When I told people I was going to study photography, quite a few didn't understand why I would need to since I already take good pictures. First of all, thank you, but taking a good photograph on your own terms is only a fraction of what it takes to be a professional photographer. Taking good photographs consistently in different situations is where it starts to get a bit harder, but even that I think is not the hardest part. The hardest parts of the business is the non-photography related aspects of the job. There is so much technical knowledge and planning you need to do to be a great professional photographer.

The so called artistic part of photography is not why I applied to school, it was all the other stuff that surrounds it where I knew I needed so much more knowledge that I didn't even know where to start.
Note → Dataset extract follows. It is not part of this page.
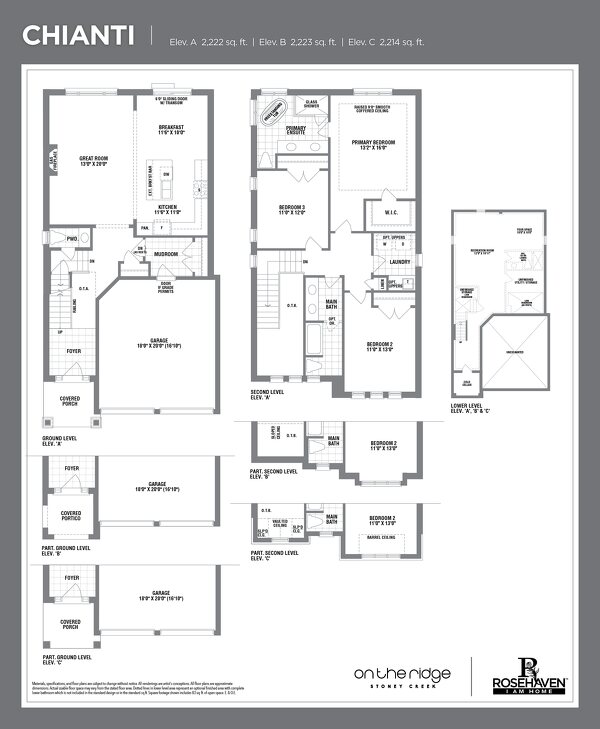 The Chianti new home model plan at the On the Ridge (RH) by Rosehaven Homes in Stoney Creek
I feel like every week there is something new I need to master, and a whole new world that opens up with it. Every week there is a new element I need to start to learn, from the beginning. Sure you can be "just a photographer" but especially living in a tiny little thing called Finland, it's to your benefit if you can offer more services than just taking a nice profile picture.

A few days ago a friend of mine said he needed business cards and I decided to offer my help. Have I ever made business cards? (aside from the ones I gave out at Steemfest, those who know know) No! Do I know anything about graphic design, hell no! Fuck it, I'll try.

I was introduced to a cool designing program Canva.com just last week, that I thought might help me out to start. I googled some business cards companies dealing in the same sort of business have, and overall some simple designs that I knew could lead me the right way, asked what my friend had in mind and threw around a few ideas of my own.

Luckily I could design pretty freely since the whole website and everything will be redesigned, so I didn't have to follow an already established theme. I also searched what their domestic rivals have as their colour themes, to make sure there wouldn't be any overlap. After a few hours going back and forth, trying out some ideas, we were on a pretty good track already. Next day I made my proper suggestion of the design and after that was approved, a couple things added and everything spell checked and verified, the design was ready. The company was super impressed with the design, so I'm really happy. A new skill has been unlocked.

Next up on the learning block is doing a photo book layout. Another thing I thought would be pretty simple and straight forward, is anything but. The pictured need to be in a specific colour profile and sharpened differently than for screen viewing, there are borders to consider, paper types and book bindings and and and so much more. I was trying to learn the basics of using InDesign today, but jesus christ that is hard and annyoing. I had to give up for now and instead just made a mockup of the layout in Canva so I at least have something ready when I finally figure out how to work InDesign. What I'm trying to make is surely very simple for someone who knows layouts already, but starting from scratch with InDesign where all the buttons are very different than anything in Photoshop, it's a pain in the ass. New skill definitely not unlocked.

Let the learning continue (forever)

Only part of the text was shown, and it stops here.